A DISABLED woman says she feels like a ‘prisoner in her own home’, claiming the lift in her building has been left broken for 18 days.

Kimberley Packer lives in a third-floor flat on Winterthur Way in a building run by Sovereign Housing, and is currently unable to leave her flat without the assistance of carers, after the building’s lift has broken down seven times in less than three weeks.

The 35-year-old, who has lived in the building for eight years, is desperate to gain her independence back, and especially wishes to travel to Portsmouth to scatter her late father’s ashes.

However, with six flights of stairs between her and the exit, she is currently almost entirely confined to her home.

"I can't live the way I am at the moment,” Kimberley told the Gazette.

“I can’t go to see my doctor about the pain I’m in, and I nearly had to cancel my Covid jab, but now one of the carers can take me. Without the carers, I can’t go outside.

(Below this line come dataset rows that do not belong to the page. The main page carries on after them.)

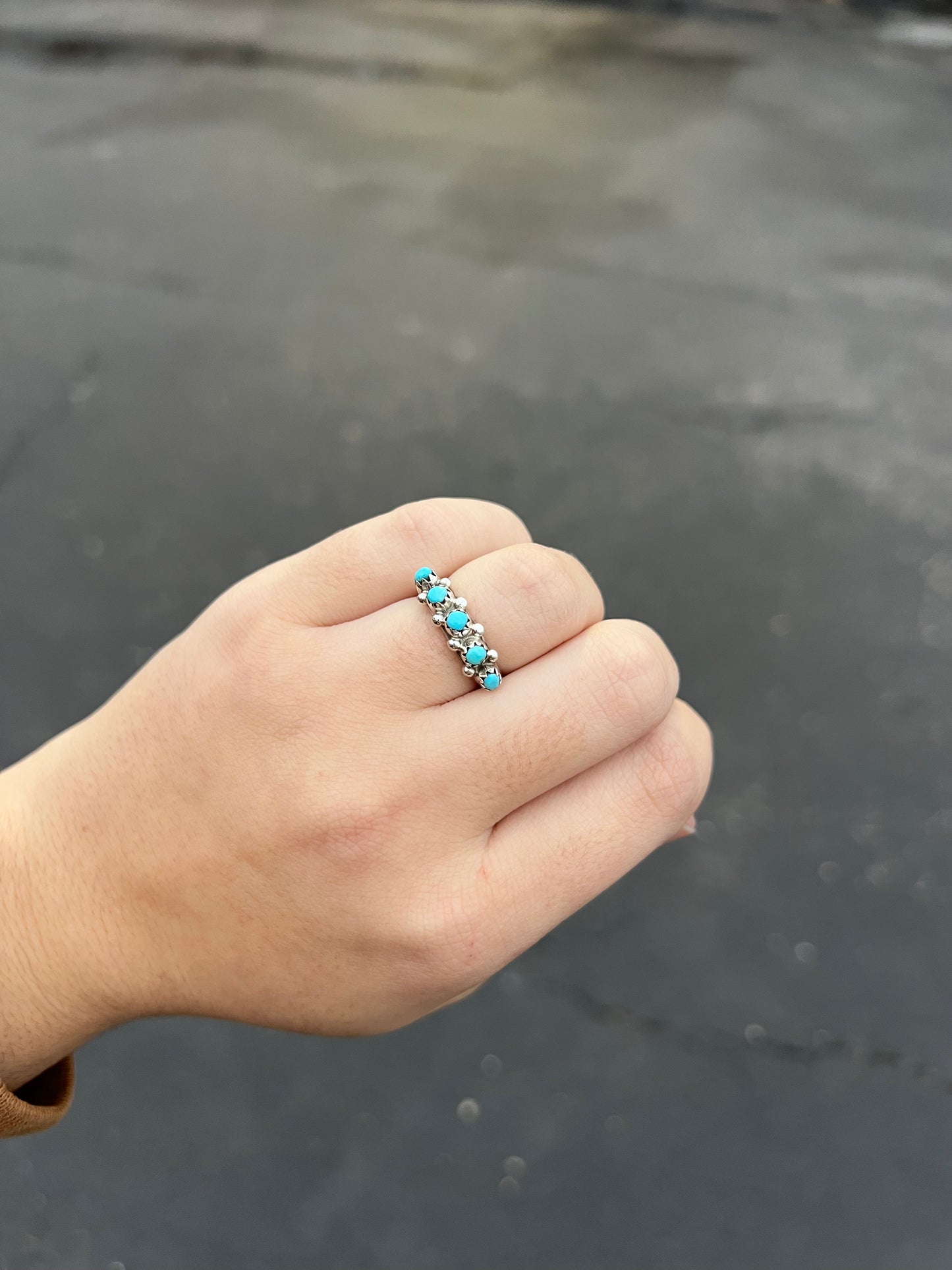 Genuine Turquoise 5 Stone Stacker Sterling Silver Ring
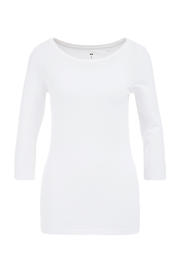 thumbnail: Witte dames WE Fashion top met effen, driekwart mouwen en ronde hals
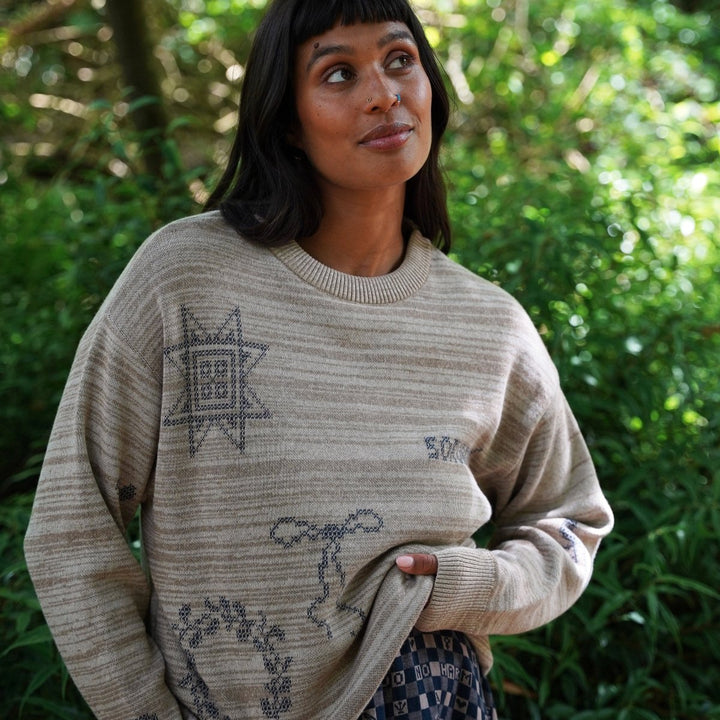 Cross Stitch Jumper in Putty &amp; Midnight - Black &amp; BeechXS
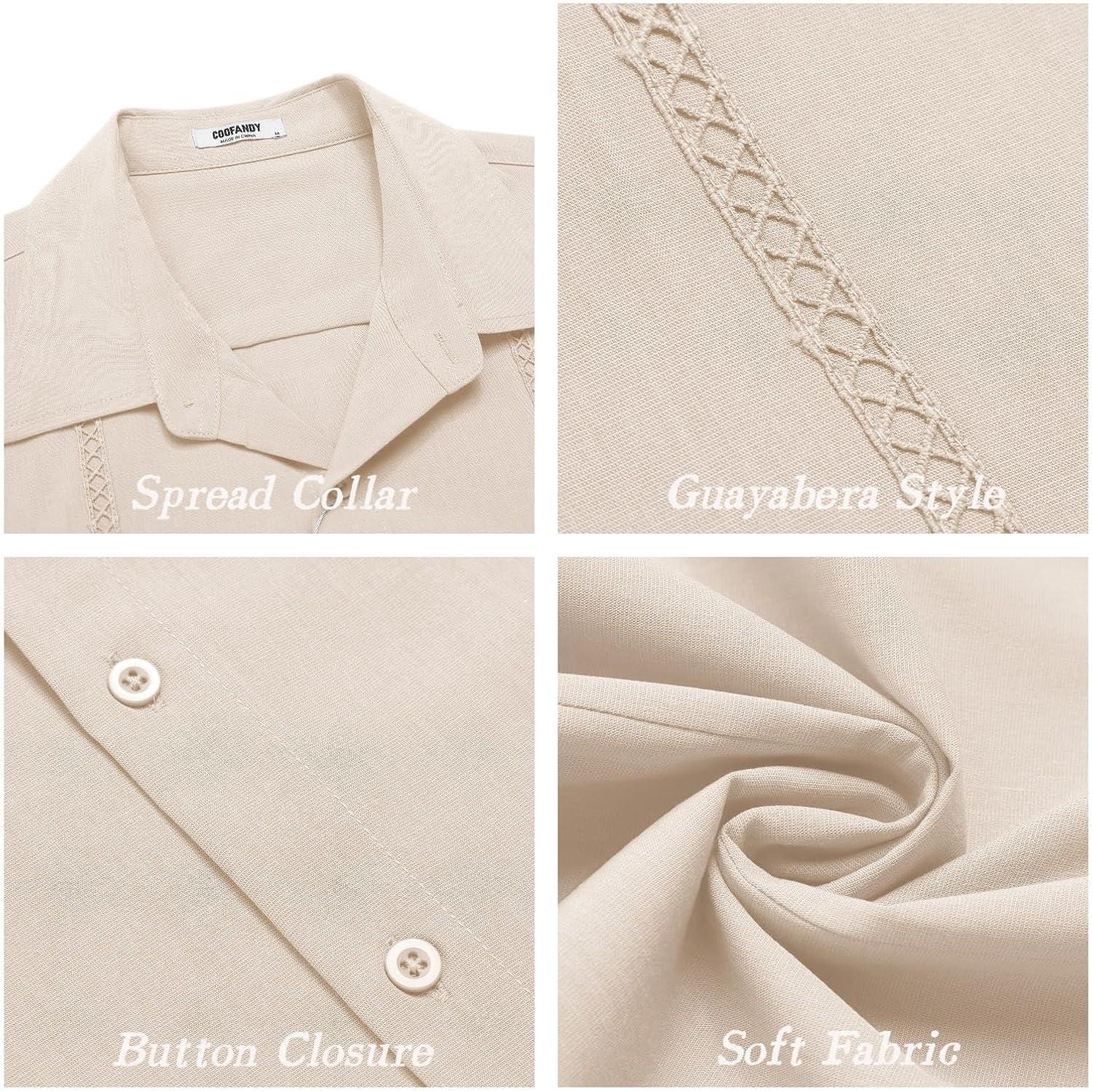 imageCOOFANDY Mens Cuban Guayabera Short Sleeve Shirt Casual Summer Beach Tops Button Down Untucked ShirtsBeige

“I feel locked in my flat."

A sign on the lift states that the lift requires a new motor but that ‘no timescale’ has been given to the building’s caretaker, Barrie.

Kimberley, who suffers from learning difficulties and a number of medical conditions including arthritis, asthma, diabetes and twisted knee caps, grew up in the foster care system from the age of three and now lives with her partner Adam, 21, with carers coming in to see her four times a week.

She says the lift has broken seven times in the past 18 days, and she has been in contact with Sovereign “at least ten times” about it.

Basingstoke Gazette: The sign on the lift at Kimberley's building on Winterthur Way.The sign on the lift at Kimberley's building on Winterthur Way.

Last week, she was stuck in the lift for three hours.

“I was panicked. The thing that was worrying me was that I’m diabetic, I need sugar. And I had to cross my legs for two hours!” she said.

Eventually, the fire brigade came to Kimberley’s rescue, as the lift engineers were still en route.

“I had an ambulance check me over and I was ok, but the carers were panicking because they knew without sugar I could have gone into a coma or a fit. My carer had to come early and keep me calm. That wasn’t the first time it has broken down on me either.”

Kimberley is currently dealing with the loss of her father, who passed away from cancer in November, and says she needs the distraction of time socialising and out and about.

“I have an electric buggy sitting in the kitchen not being used,” she said.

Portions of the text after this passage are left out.